* _What you should do_: With the pictures left out, copy the listing below exactly.

* _Raw data_:
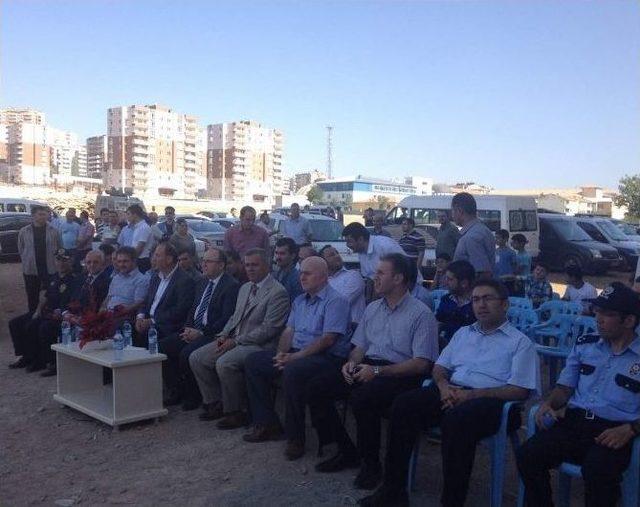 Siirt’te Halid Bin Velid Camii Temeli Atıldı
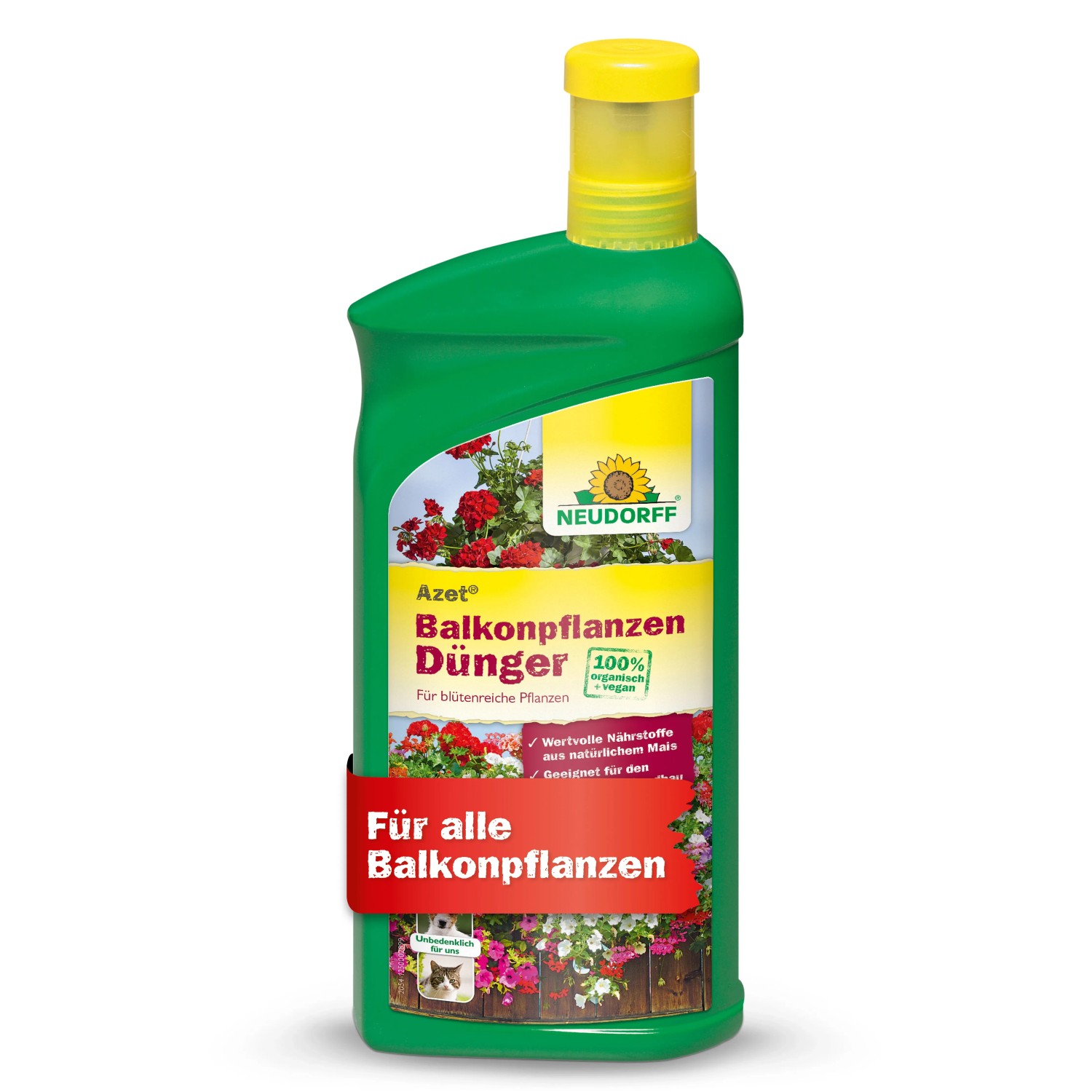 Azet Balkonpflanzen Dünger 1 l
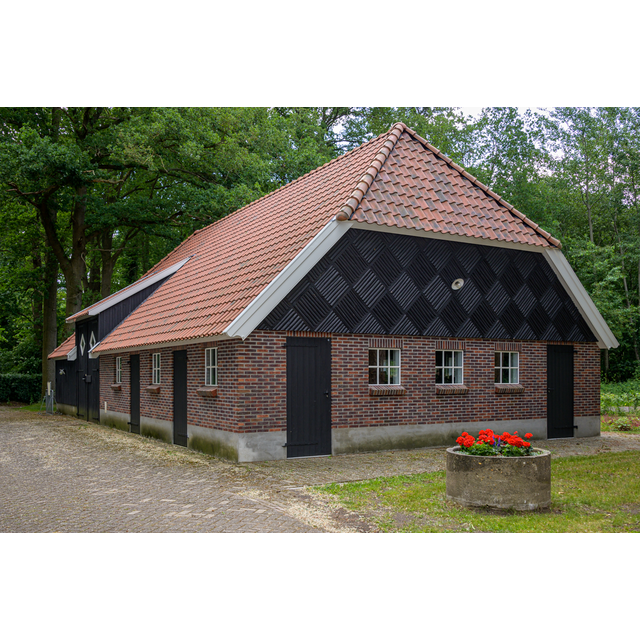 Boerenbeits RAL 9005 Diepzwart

* _Response below_:
 Siirt’te Halid Bin Velid Camii Temeli Atıldı
 Azet Balkonpflanzen Dünger 1 l
 Boerenbeits RAL 9005 Diepzwart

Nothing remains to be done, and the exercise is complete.